I'm running Debian Lenny (kernel 2.6.26-2-686) on a Toshiba Portege 3500 laptop. The IDE interface is controlled by an ALi Corporation M5229 IDE.
The kernel fails to detect an 80 wire cable to the hard disk, and so it falls back to using UDMA/33 on the drive (fair enough), which slows things down quite a bit.
The kernel-params.txt document tells me that libata can take a 'force' parameter, with options such as 80c (force to 80 wire) or short40c (assume a short or nonexistent cable).
I have attempted to set this parameter (details below), but with no joy.
If I patch the kernel code (changing ide-iops.c so that the short40c state is assumed), the UMDA/66 mode is successfully selected. But I'd prefer to do this without modifying the stock kernel if possible.
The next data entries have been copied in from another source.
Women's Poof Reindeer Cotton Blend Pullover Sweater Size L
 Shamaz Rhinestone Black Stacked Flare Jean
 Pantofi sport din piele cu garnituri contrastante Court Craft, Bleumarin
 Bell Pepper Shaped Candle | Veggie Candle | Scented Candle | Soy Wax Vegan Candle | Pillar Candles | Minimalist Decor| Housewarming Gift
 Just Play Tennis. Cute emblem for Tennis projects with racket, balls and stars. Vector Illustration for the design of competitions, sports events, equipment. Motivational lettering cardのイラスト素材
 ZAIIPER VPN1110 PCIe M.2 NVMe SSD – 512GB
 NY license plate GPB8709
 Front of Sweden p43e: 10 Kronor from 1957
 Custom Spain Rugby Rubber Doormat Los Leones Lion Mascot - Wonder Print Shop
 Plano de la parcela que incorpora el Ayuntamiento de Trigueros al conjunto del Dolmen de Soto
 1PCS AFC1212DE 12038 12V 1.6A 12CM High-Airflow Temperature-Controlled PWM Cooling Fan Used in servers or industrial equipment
I have tried using the parameter in the following ways, but I think I must be doing it wrong:
* adding it to the kernel line in grub
libata.force=short40c
(kernel reports "Unknown boot option")
* adding it to /etc/modprobe.d/options
options libata force=short40c
and then rebuilding initrd
update-initramfs -u
Neither of these methods had any effect that I could see. I tried in a few other places too (such as /etc/modules.conf, and in /etc/modutils), but didn't really know what I was doing
.
So my questions are:
1) Is this parameter working in the current Lenny kernel (I can see code that uses the flags, but I don't know enough about how parameters get passed in)?
2) Am I setting the right parameter, or are there others that might be relevant (eg ide_core.ignore_cable)?
3) Is there a difference between passing in options via grub or via the modprobe.d files?
4) In which file would parameter options normally be put (or are any files inside modprobe.d used)?